Alibaba's Qwen3.6 Coder: 73.4 SWE-bench, 22GB VRAM
Qwen3.6-35B-A3B lands with 73.4 on SWE-bench Verified and Apache 2.0 weights, all from 3 billion active parameters routed through a 256-expert MoE. Fits on a single consumer GPU.

Alibaba's Qwen team shipped Qwen3.6-35B-A3B on 16 April under Apache 2.0. The benchmark line reads hard: 73.4 on SWE-bench Verified, 51.5 on Terminal-Bench 2.0, 92.7 on AIME 2026. What doesn't appear in the headline is the number that makes the rest of it load-bearing: 3 billion active parameters. The model routes through a 256-expert Mixture-of-Experts layer that activates roughly 8.6% of its weights per token, which is how a checkpoint nominally 35B in size fits on a single 4090 at 4-bit and codes at a weight class it has no business reaching.

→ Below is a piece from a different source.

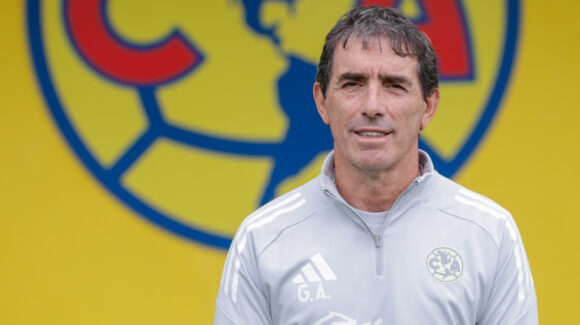 Guillermo Almada es presentado como nuevo técnico del América de cara al Apertura 2026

Qwen3.6-35B-A3B at a glance
| Spec | Value |
|---|---|
| Total parameters | 35B (256 experts) |
| Active per token | 3B (8 routed + 1 shared) |
| Native context | 262,144 tokens |
| Extensible context | 1,010,000 tokens (YaRN) |
| Modalities | Text, images, video |
| License | Apache 2.0 |
| Released | 16 April 2026 |
| SWE-bench Verified | 73.4 |
| Terminal-Bench 2.0 | 51.5 |
| 4-bit VRAM | ~22 GB |
See the full model card for the extended benchmark grid.

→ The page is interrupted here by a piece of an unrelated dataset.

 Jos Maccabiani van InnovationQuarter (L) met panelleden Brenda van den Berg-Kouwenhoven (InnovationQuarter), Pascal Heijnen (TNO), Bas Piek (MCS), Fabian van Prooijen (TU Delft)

The release also closes the loop on last year's Qwen 3.5-35B-A3B - same parameter envelope, same MoE topology on paper, but a different attention stack underneath and a large jump in coding-agent scores.
What Alibaba Shipped
Weights, a modeling file, and a tokenizer on HuggingFace. No API-first launch, no closed preview, no waitlist. Qwen/Qwen3.6-35B-A3B on the Hub, Apache-2.0 license in the repo root, the reference serving configs pinned to SGLang (>= 0.5.10) and vLLM (>= 0.19.0) with eight-way tensor parallel and a 262K context ceiling. Instruct and thinking variants live in the same checkpoint and switch by sampling parameters.

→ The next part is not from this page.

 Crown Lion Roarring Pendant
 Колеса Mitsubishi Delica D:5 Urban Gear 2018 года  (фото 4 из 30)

The coverage here is the open-source release only. Alibaba also maintains a closed Qwen 3.6 Max tier served through Alibaba Cloud; that's a different model with different numbers and isn't what shipped on the Hub.
The Architecture
Three choices carry most of the weight.
Gated DeltaNet
The attention stack is a hybrid. The model stacks 40 layers in a fixed 10-block pattern: three layers of Gated DeltaNet followed by one layer of Gated Attention, each followed by a MoE feedforward. DeltaNet is a linear attention variant where the similarity matrix is kept implicit and updated incrementally rather than recomputed at full quadratic cost. Qwen's configuration runs 32 heads on V and 16 on QK at 128 head dimension. The practical payoff is long-context scaling: the linear term leads as context grows, so reading a 262K-token repository costs roughly linearly in tokens rather than quadratically.
Gated Attention
Every fourth attention block is full, not linear. This is where the standard softmax attention lives - 16 Q heads, 2 KV heads (grouped-query, so the KV cache stays small), 256 head dimension with a 64-dim rotary embedding. The model needs a full attention block to pick up relationships the linear pass can miss, especially for pointer-style work like reference resolution across a diff. Running it once every four layers keeps the quadratic cost bounded while preserving fidelity.
Mixture of Experts
Each feedforward is a 256-expert MoE with 8 experts routed plus 1 shared. Each expert carries a 512-dim intermediate projection. For a given token the router picks 8 of the 256 experts by learned scoring and the shared expert runs unconditionally. That's where the 3B active count comes from: the attention stack accounts for roughly 1B of the active weights, the MoE routes the rest from the sparse 35B pool.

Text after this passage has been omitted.